Photography by Karen Almond. Image courtesy of the Metropolitan Opera.

I want to run this hypothesis by Devin, but the darkness is closing in on us and Nathalie Stutzmann, the Met’s hyped-up new conductor, has taken her place at the stand. Luckily, [Wolfgang Amadeus] Mozart’s Don Giovanni is there to try on my suspicions. The titular character, played by Peter Mattei, bursts onto the scene bragging about his female conquests while he lays a web of new tricks and seductions. His slutty lifestyle is held together solely by other people’s belief in his high-born intentions and the ability of his wing man, Leporello (played by Adam Plachetka), to avert his gaze.

This lusty soufflé is already collapsing in on itself before the first act is up. Don Giovanni can capture women's obsession and spoil their marriages, but he cannot seem to sustain his own pleasure. He is a love addict, and, in his greedy desperation, he loses control of the ensemble he’s cast. Stutzmann, on the other hand, holds them close. By intermission that is all Morris and I are discussing. The performances are tight tonight, maybe some of the tightest I’ve ever seen at Lincoln Center. We agree that the loosely 1940s inflected costuming and minimalist faux concrete set are a shame, because the performances are so exquisitely rich and textured that the visuals feel too anemic to support them. It’s stylish without soul, like some really well-made sheath dress from The Row. 

Devin N. Morris. Photography by Marianna Bley.

Morris and I aren’t The Row’s target audience nor are we Don Giovanni’s. But, as a serial monogamist with more adventurous friends, I recognize some of the motifs and plotlines his bad behavior teases out. We are especially tickled by Zerlina (played by Ying Fang) trying to reel back in her scorned fiance Masetto (played by Alfred Walker), who is rightfully suspicious of what’s been going on between nobleman Don Giovanni and his bride-to-be. Zerlina begs Masetto to hit her—if only to skip to the end of the fight. “She’s the only woman in the whole show with an opinion, and we will never know what it is,” notes Morris.

Every other lover’s desires are clear; Zerlina’s aims are not.

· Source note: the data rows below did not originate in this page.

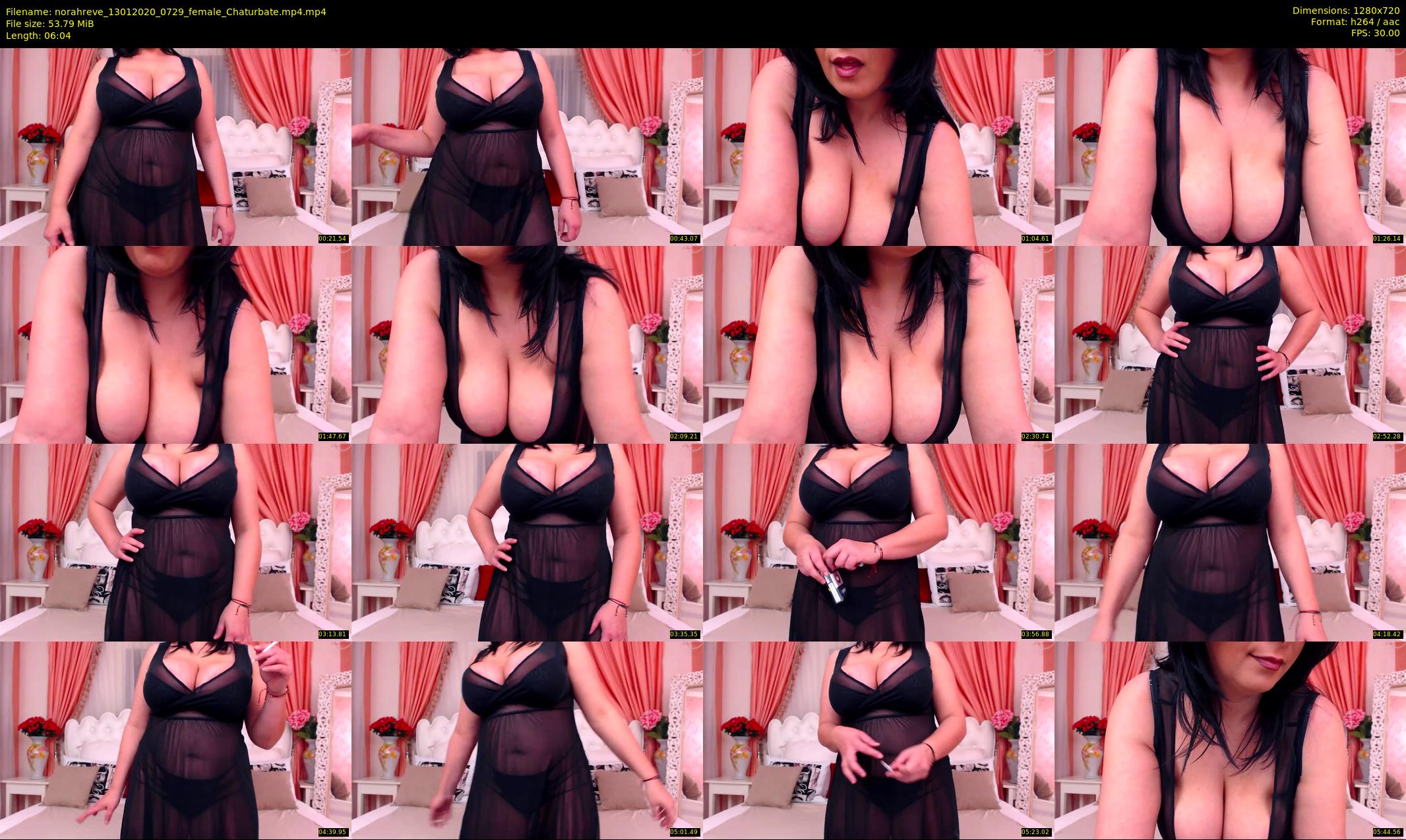 norahreve — 7 minute Chaturbate female cam show recording, 720p, Jan 13, 2020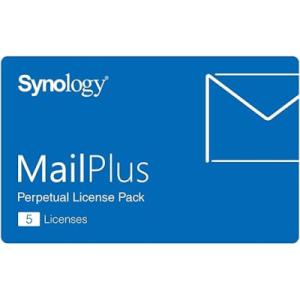 paquete de licencias synology mailplus | 5 cuentas de correo electrónico activas | licencias permanentes | compatible con soluciones high availability | migración a otro synology nas.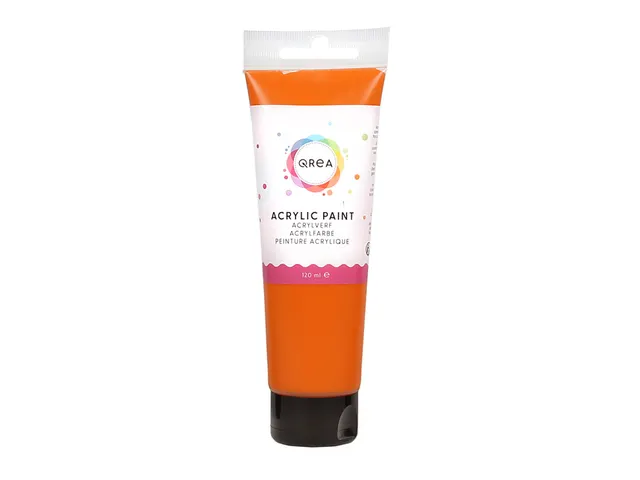 Acrylverf Qrea 120 ml oranje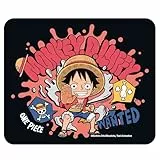 ABYSTYLE Weiches Mauspad One Piece Luffy Chibi – offizielles Produkt – Format 21 x 22 cm – glatte Oberfläche & rutschfeste Unterseite
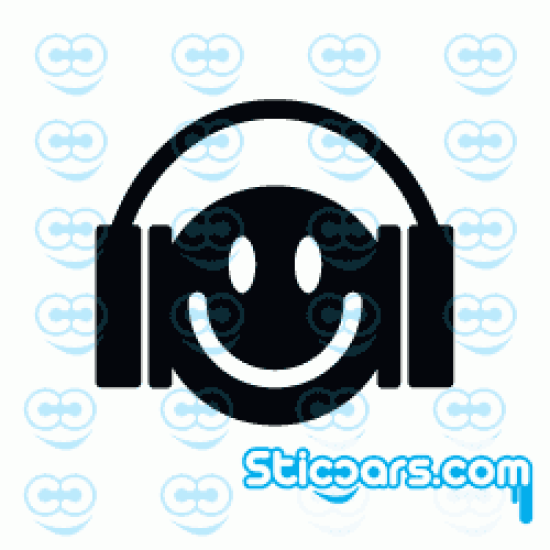1692 Headphones Smiley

She promises Masetto she can weather whatever he throws at her as long as they can reclaim their former love, but even this declaration is a kind of concealment. Why should he hit her? She has not pursued Don Giovanni, nor does she return his advances. But has she betrayed Masetto in other ways? Is questioning whether you are in the right relationship a kind of transgression? Is your doubt enough to break the precarity of another’s pleasure?

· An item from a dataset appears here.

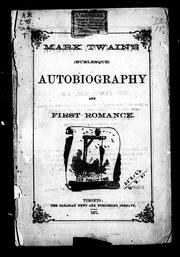 Cover of: Mark Twain's (burlesque) autobiography and first romance by Mark Twain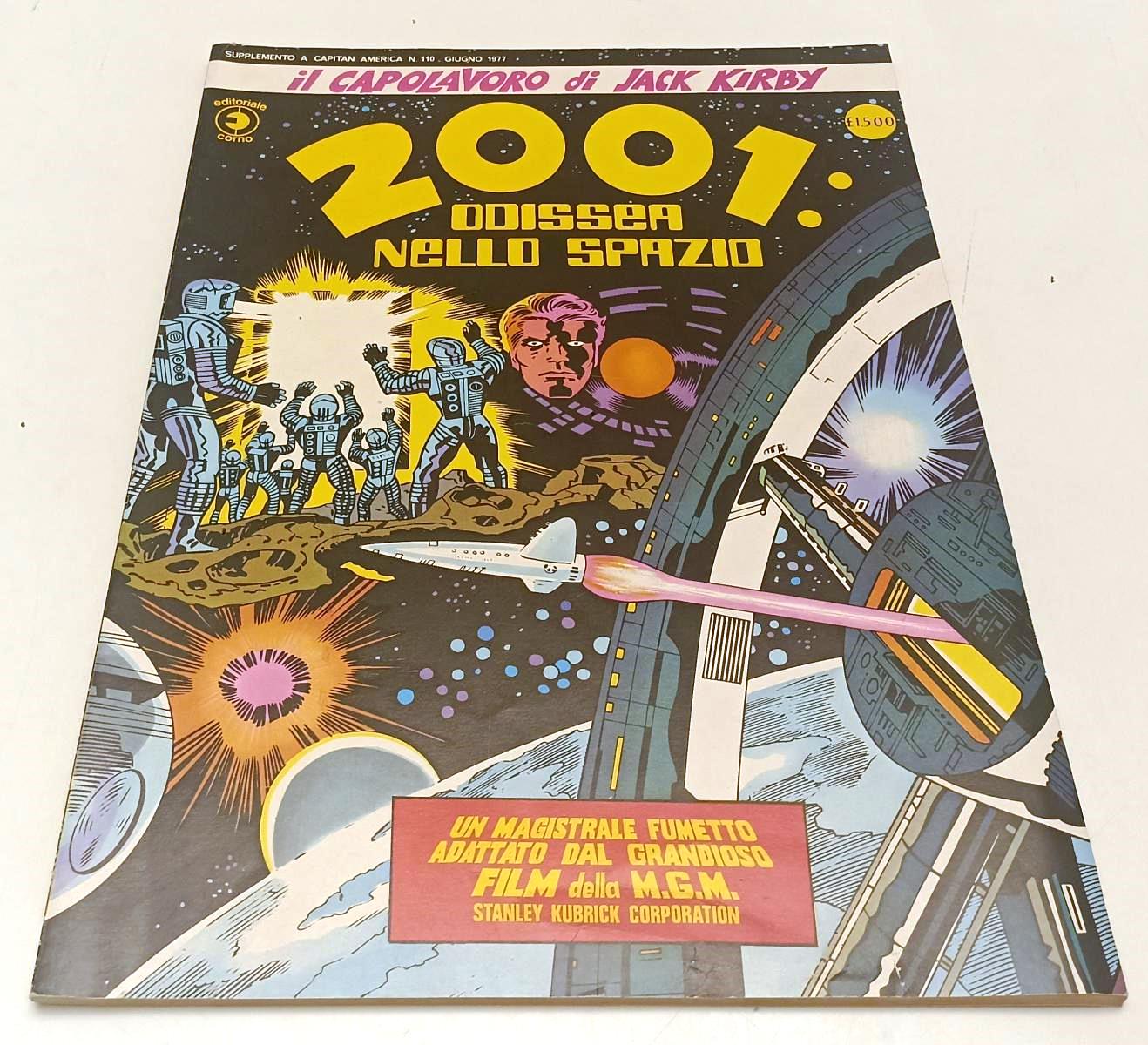 FS- 2001 ODISSEA NELLO SPAZIO supplemento - JACK KIRBY - CORNO - 1977 - B - N24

Alfred Walker as Masetto and Ying Fang as Zerlina in Mozart's "Don Giovanni."
Photography by Karen Almond. Image courtesy of the Metropolitan Opera.

Mozart leaves that up to us, and Don Giovanni to the devil who is conjured on stage. With a sharp turn towards projected graphics, copulating bodies resembling leaping flames swallow the minimalist stage whole in the final minutes of the show. Don Giovanni is lost to hell.

When the lights come back up, the stage is no longer a graytone wasteland, but a town bursting with the trappings of life: flower boxes, lines of laundry, and places to sit. All the decorative bits, bobs, and excrescences of ourselves that Morris has spent his career trying to draw our attention to. It is a dramatic transformation that is supposed to make us think about what has been lost and won. The opera has the opposite effect on Morris and me. “I don’t think it’s communicating what they think it is,” says Morris. Don Giovanni may have been a man made of snips and fibs, but he threw the rest of their goodness into color. Without him, the stage feels lifeless. It’s not always the beautiful things that make something special but the ugly bits as well. What is the opera without its corny theatricality, its plasticities, and its haters? Not much.